University of Reading
Supervised by Dr Ruth Blacksell, Programme Director in the Department of Typography & Graphic Communication, the University of Reading and Maxine Miller, Library Collections Manager, Tate Britain
October 2015 –
How can reconsideration of artists’ publishing through embodied, iterative material describe an approach to artists’ writing largely left out of historical accounts? What properties are retained through engaging with published materials in their original formats and how do they assist with an analysis of contexts of artists’ publishing as a post-1960s art form?
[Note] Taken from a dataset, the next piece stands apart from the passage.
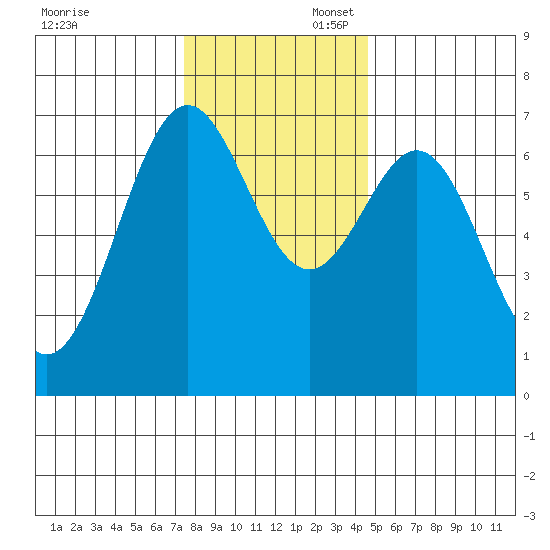 Yaquina tide chart for Sunday, November 28, 2021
By staying close to material, this thesis proposes to articulate a series of published works into a relationship with contemporary accounts of dematerialised practices, through the perspective of women’s writing and publishing, focusing on published works by Lucy Lippard, Carolee Schneemann and Constance DeJong.
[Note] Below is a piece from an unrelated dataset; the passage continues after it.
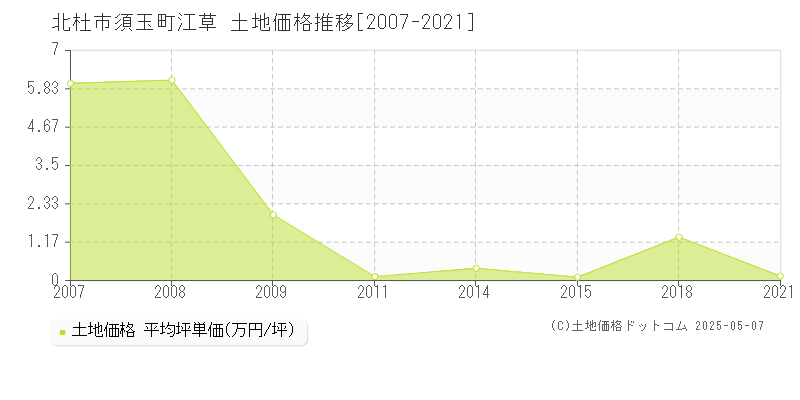 須玉町江草(北杜市)の土地価格推移グラフ(坪単価)[2007-2021年]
Ranging from documents of performance, correspondence, articles, catalogues, serial journals and artist books, each item contains material that has been published (and often republished), distributed, purchased and finally collected and stored within the Artist Book Collection, the Serial and Journal Collection, individual archives, and the personal libraries of artists held at Tate Britain. Separated across library and archive collections, and therefore subject to different forms of categorisation, the project of this thesis has been to reconstitute a collection of previously overlooked and seemingly unconnected items that expand notions of the relevancy of publishing in its expanded form, specific to its production in the UK, yet connected and descriptive of an international network of practitioners.
About Karen Di Franco
Karen Di Franco is a curator and writer working within the contexts of archives and publishing, with a focus on practices that emerge between text and performance, the page and the body. Frequently concerned with an inter-generational dialogue with these forms, Di Franco has curated exhibitions that incorporate materials described as ephemeral, yet resistant to categorisation. Recently she has written about Kathy Acker’s concrete poetry, and co-curated a screening programme of women artists’ films.